Tuning light-matter interaction of near-infrared nanoplasmonic scintillators

TL;DR

This paper develops a quantum-optical framework to explore how near-infrared scintillator nanocrystals coupled with nanoplasmonic antennas transition from weak to strong light-matter coupling, revealing optimal conditions for enhanced radiation detection.

Contribution

It introduces a comprehensive model for near-infrared scintillator nanocrystals interacting with various nanoplasmonic antennas, highlighting the potential of graphene antennas for strong coupling regimes.

Findings

Strong coupling signatures depend on emitter dephasing and antenna linewidth.

Narrow-band emitters with narrow antennas facilitate strong coupling.

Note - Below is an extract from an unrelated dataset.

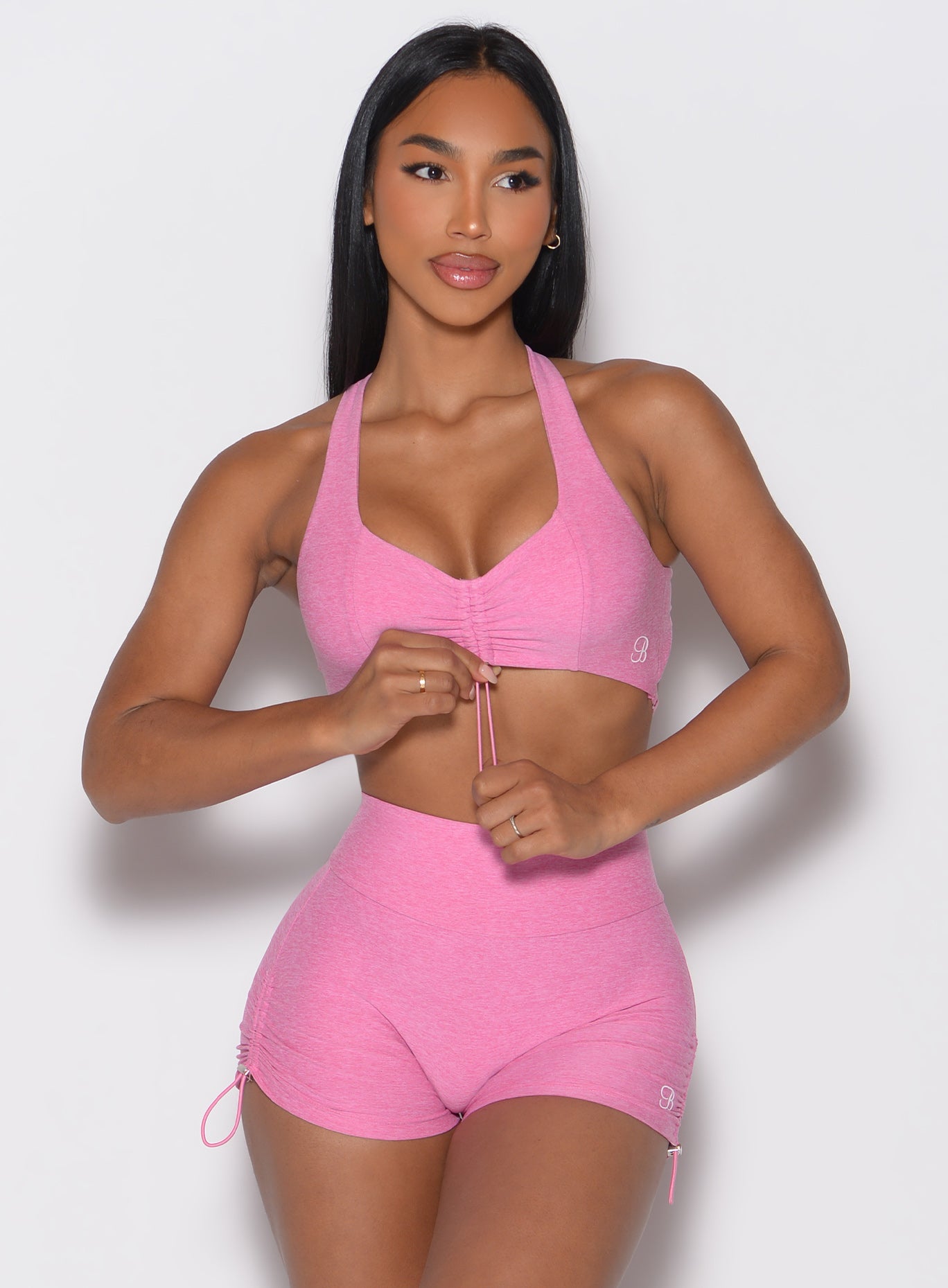 Heathered Bubblegum Toggluxe Bra featuring an adjustable front toggle for a custom, sculpting gym fit.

Graphene antennas have the lowest threshold for coherent exchange.

Abstract

Nanoplasmonic modification of scintillation has so far been explored mainly in the weak-coupling regime, where changes in the local density of optical states enhance radiative recombination via Purcell-type rate engineering. By contrast, strong light-matter coupling generates hybrid states that modify emission dynamics beyond simple decay-rate acceleration, but its implications for scintillator nanocrystals (NCs) under ionizing radiation remain poorly understood. All of these effects are beneficial for near-infrared scintillators, which are typically slow and have low brightness. Here, we present a quantum-optical framework to investigate how near-infrared scintillator NCs coupled to nanoplasmonic antennas evolve from weak coupling toward strong light-matter coupling. We compare broad- and narrow-antenna platforms with single and periodic Au nanorods and benchmark them against conductive plasmonic antennas based on indium tin oxide and graphene. As representative emitters, we consider wide-band PbS NCs and narrow-band cubic Lu2O3:Er3+ scintillators. The calculations show that the onset of strong-coupling signatures is jointly governed by emitter dephasing and the antenna linewidth, with narrow-band emitters coupled to spectrally narrow antennas providing the most favorable conditions. Among the platforms considered, graphene gives the lowest threshold (g = 4 meV) for observable coherent exchange owing to its ultranarrow antenna linewidth (\k{appa} = 3.5 meV). These results identify near-infrared conductive nanoantennas, particularly graphene-based ones, as promising platforms for accessing hybrid scintillation regimes relevant to radiation detection.